What To Do If You Inherit An IRA Account

by Nov 1, 2018

Dealing with financial matters in the wake of a loved one’s death can be tremendous challenge. But, if you’re the beneficiary and are inheriting an IRA retirement account, there are several important rules in place you’ll need to pay close attention to in order to avoid substantial taxes and penalties. Here’s what you need to know.

Inheriting An IRA From A Spouse

If you are inheriting a traditional IRA from your spouse, you have two options:

  1. Remain a named beneficiary, OR
  2. Add the assets to an existing retirement account

Adding the money to your own account is the simpler option. You can either retitle the IRA so you’re listed as the owner instead of your spouse, or you can transfer the funds to a separate IRA that you have already set up.

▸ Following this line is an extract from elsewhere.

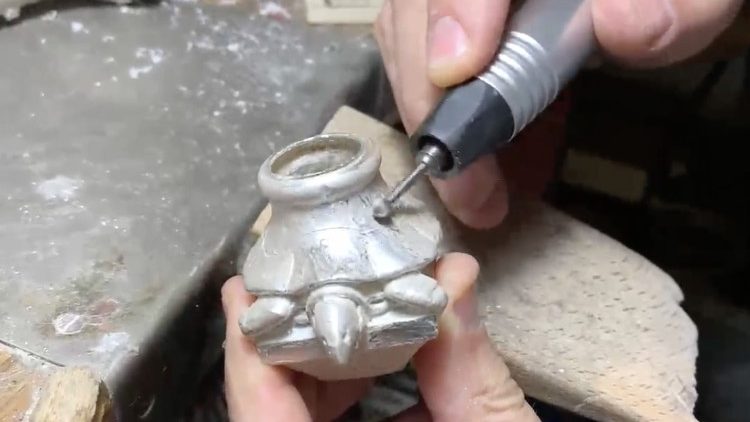 Les derni&egrave;res retouches &agrave; la crosse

As long as you transfer any distributions to a new account in your name within sixty days, you won’t be taxed on the distribution, and the money can continue to grow tax-deferred in your account as if it had been yours all along.

However, if you’re under fifty nine and a half years old and you want to use the money immediately, you’re actually better off remaining as a named beneficiary. But this means you’ll be subject to the same rules as inheriting children, siblings, or other named beneficiaries.

Inheriting From Someone Other Than A Spouse

Unfortunately, things are a little more complicated when inheriting an IRA from a parent, sibling, other relative, or friend. The two major differences are:

  1. You will not be allowed to transfer the assets from account you inherit into your own retirement account. Instead, you’ll have to make a new inherited IRA account in your name and transfer the funds to this account. AND
  2. You can’t make new contributions to this account, and you’ll be required to take minimum distributions by Dec. 31 of the year following the original owner’s death.

You also won’t have many choices when it comes to how you take the distributions. You can either take a lump-sum payment, or take the money over a five year distribution period. There won’t be any required minimum distributions if you choose option two, but all the money will need to be withdrawn from the account by the end of five years.

Getting Help With Inherited IRA Accounts

If you have recently inherited an IRA or other type of retirement account, it may be worth your time to speak with an experienced financial planner.

Navigating the complex rules and tax laws surrounding inherited investments and retirement accounts can be especially challenging while trying to also manage all the emotions and other arrangements that come with the loss of a loved one.